So, Alabama state officials, not to be outdone by bureaucratic obstacles, resolved they would try another, less high tech effort to prevent the oil from caking their beaches. They decided to hire 400 workers to patrol the beaches and, by hand, scoop up the oil residue that washed ashore.
So how did that plan turn out, you ask? Well, you probably guessed it: another federal bureaucracy hampered that backup plan to the previous backup plan, which was the backup plan to the original plan aborted by federal bureaucracy. The Occupational Safety and Health Administration (OSHA) wouldn’t allow those workers to work more than 20 minutes per hour. They further demanded that the state allow said workers an hour-long break after every 40 minutes of work. OSHA’s requirements had the affect of reducing manual cleanup effort efficiency by more than 60%, with just 40 minutes of work for every three hours on the clock.
As Richard Morris, former Clinton administration advisor has said, “Every agency — each with its own particular bureaucratic agenda — was able to veto each aspect of any plan to fight the spill, with the unintended consequence that nothing stopped the oil…” Rather than facilitating the cleanup, federal bureaucracies have thwarted state and corporate cleanup efforts, as they engage in an apparently uncoordinated tug-of-war jockeying for control and exercising their bureaucratic “epoxy” power. Consequently, the ineptitude hampers cleanup efforts as the assault on our southern shoreline advances.
Alabama Gov. Bob Riley characterized the situation by stating that the administration’s “lack of ability has become transparent” in its handling of the oil spill.
Even more disconcerting is the fact that we’ve been enlarging federal bureaucracy at an unprecedented pace over the past two years. The new health care mandate creates over 100 new government agencies and bureaucracies to implement the dictates of that onerous legislation.
The new financial reform package passed by congress creates another 20 new government agencies to beat financial institutions into submission because of the way they implemented the last set of federal regulations congress foisted upon them. Most of the costs of this additional bureaucratic morass will be borne by us. Not just in the form of taxes to cover government cost of implementation and enforcement, but through additional banking fees and charges to cover the anticipated 20% increase in costs to affected financial institutions, which will be passed on to the consumers. That’s us.

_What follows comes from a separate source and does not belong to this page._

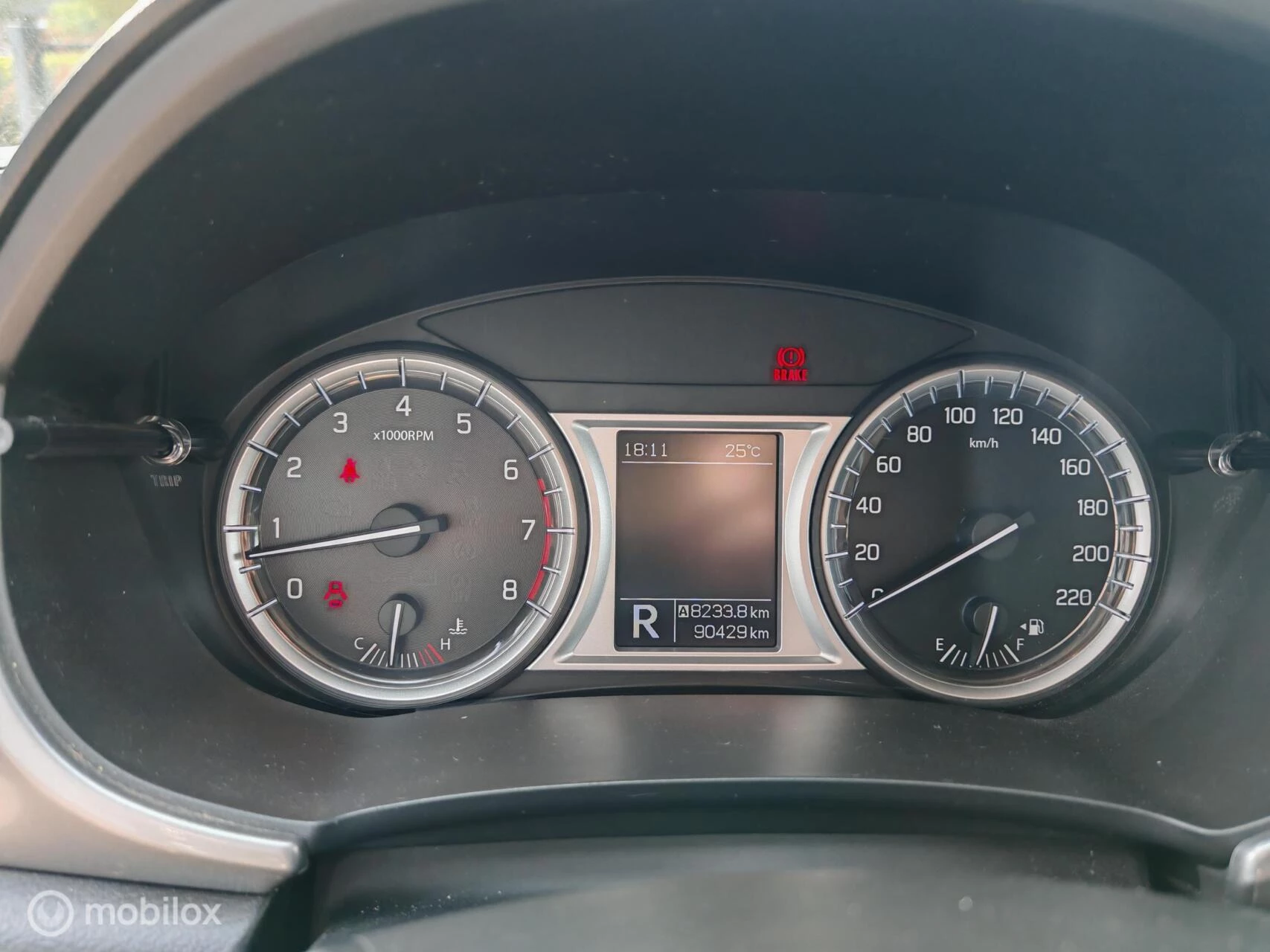 Hoofdafbeelding Suzuki Vitara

Ronald Reagan recognized intuitively as well as empirically how destructive to freedom and liberty bureaucracies can be. He said, “Man is not free unless government is limited…. As government expands, liberty contracts.” And that’s not just for individuals. Just ask the state of Alabama. All of this gives added significance to another of Ronald Reagan’s statements, when he referred to the phrase, “I’m from the government and I’m here to help,” as “the nine most terrifying words in the English language.”
An efficient and effective bureaucracy is critical to the proper function of government in serving citizens. We have obviously far exceeded that. For those who love government and bureaucratic micromanagement of our lives, this is your heyday. For those of us who love freedom and actual solutions, we’re living a nightmare.